Buffalo-Niagara Falls

32.94 13.81*

Elmira

27.85* 14.87*

Glens Falls

29.32* 13.92*

Ithaca

27.78* 12.48

Kingston

30.19* 13.40

New York-Northern New Jersey-Long Island

40.22* 15.78*

Nassau-Suffolk

38.91* 17.12*

New York-White Plains-Wayne

41.35* 16.33*

Poughkeepsie-Newburgh-Middletown

34.17 14.41*

Rochester

29.54* 12.68

Syracuse

28.42* 13.52*

Utica-Rome

28.41* 12.22

Note: An asterisk indicates that the mean annual wage for this area is significantly different from the national average of all areas at the 90-percent confidence level.  

Of the 12 metropolitan areas located entirely or partially in the state, the New York-Northern New Jersey-Long Island area had the largest number of registered nurses (161,080) and nursing assistants (100,770). The New York metropolitan area is made up of four metropolitan divisions. Over 61 percent (98,330) of the area’s registered nurses worked in the New York-White Plains-Wayne division and 15 percent worked in the Nassau-Suffolk division. (See table B. The New York area’s other divisions, Newark-Union and Edison-New Brunswick, contain no counties in New York State, and their data have not been presented in this release.) Albany-Schenectady-Troy, Rochester, and Buffalo-Niagara Falls were the three other metropolitan areas in New York with at least 9,000 registered nurses.

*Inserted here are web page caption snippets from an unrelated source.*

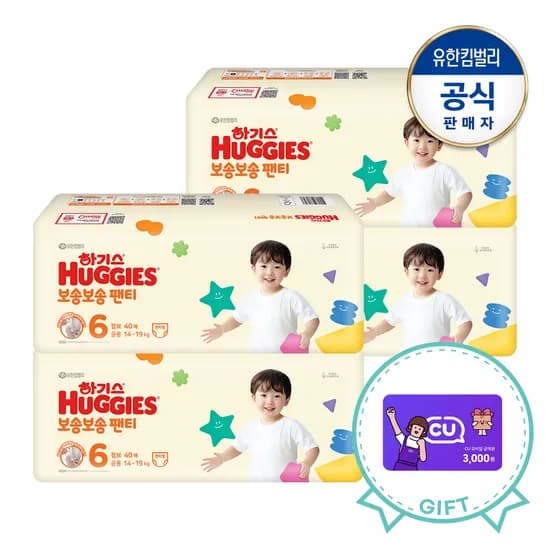 하기스 보송보송 팬티 기저귀 2박스+씨유 3천원 56900원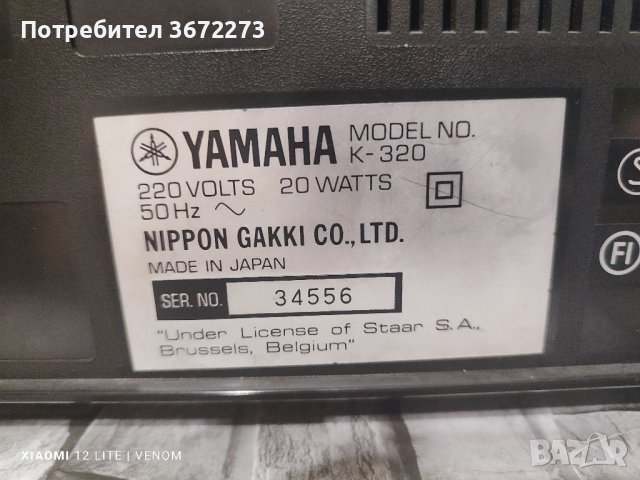 Дек YAMAHA , снимка 4 - Декове - 43238440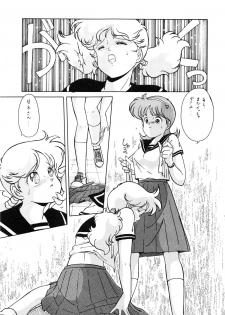 (C38) [TENT HOUSE (Various)] RAINBOW CHASER - TENT HOUSE Vol. XI (Tsuide ni Tonchinkan) - page 49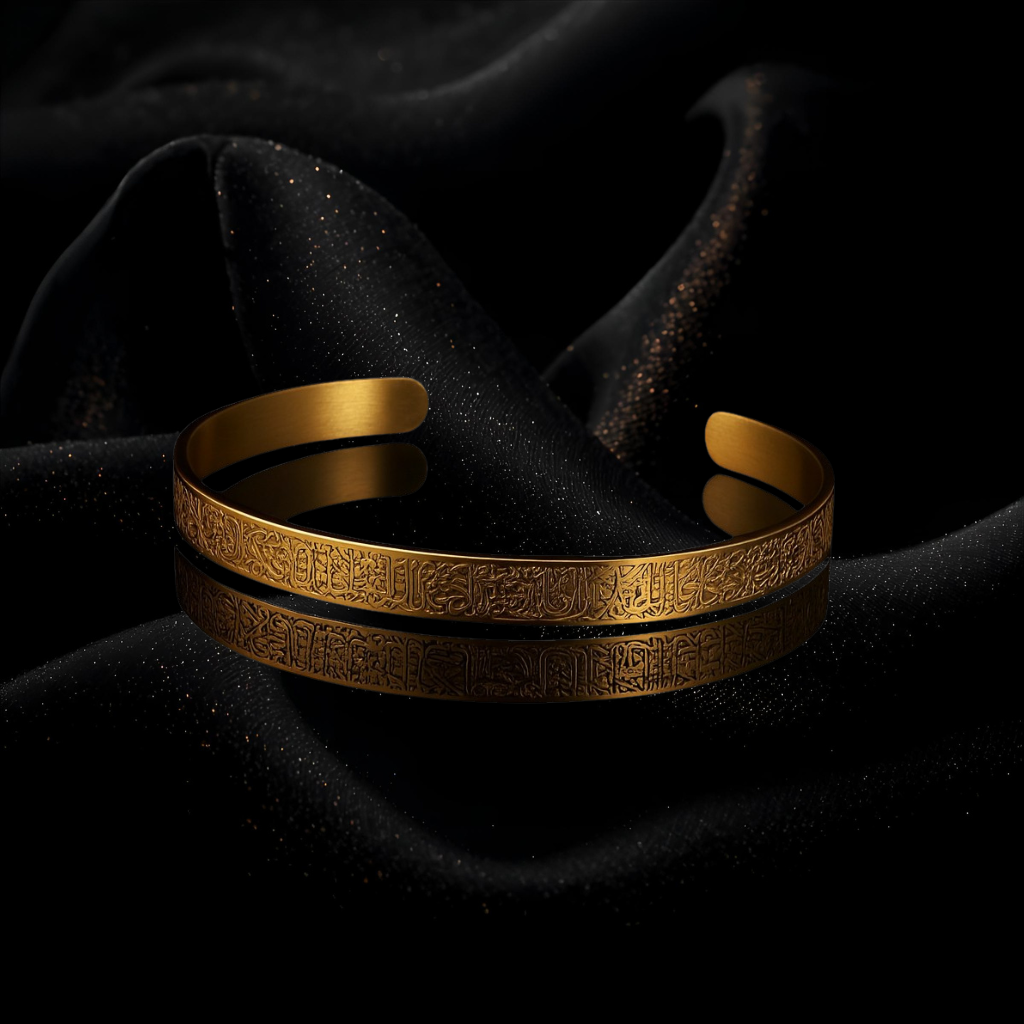 AYAT AL-KURSI BRACELET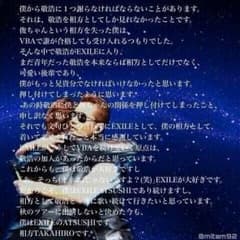 般若様専用 取り置きのサムネイル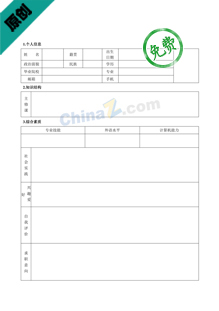 医学生简历模板表格下载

Table B. Employment of selected nursing occupations in the United States, New York, and metropolitan areas in New York, May 2014
Area Registered nurses Nursing assistants

United States

2,687,310 1,427,740

New York

169,560 101,030

Albany-Schenectady-Troy

9,720 5,080

Binghamton

2,230 1,110

Buffalo-Niagara Falls

11,370 5,670

Elmira

1,090 660

Glens Falls

1,040 730

Ithaca

750 400

Kingston

1,020 720

New York-Northern New Jersey-Long Island

161,080 100,770

Nassau-Suffolk

24,550 14,280

New York-White Plains-Wayne

98,330 61,870

Poughkeepsie-Newburgh-Middletown

4,640 3,220

Rochester

10,940 6,010

Syracuse

5,700 3,090

Utica-Rome

2,880 2,350

Wages for registered nurses in metropolitan areas in New York

New York-Northern New Jersey-Long Island was the highest-paying metropolitan area in the state for registered nurses, at $40.22 per hour, nearly $7.00 above the U.S. average of $33.55 for this occupation. By contrast, wages for registered nurses in 9 of the 12 metropolitan areas in the state were significantly below the national average. Elmira ($27.85) and Ithaca ($27.78) were among the lower-paying areas for this occupation. Two areas had wages for registered nurses that were not measurably different from the national average. (For the purpose of completeness, the chart also includes nonmetropolitan areas.) (See chart 1.)

 Chart 1. Mean hourly wages for registered nurses, by area, New York, May 2014

Wages for nursing assistants in metropolitan areas in New York

The New York metropolitan area ($15.78 per hour), Elmira ($14.87), and Poughkeepsie ($14.41) were among the eight areas with significantly higher wages for nursing assistants than the national average. Four areas in New York State had wages for nursing assistants that were not measurably different from the U.S. average of $12.62. (See chart 2.)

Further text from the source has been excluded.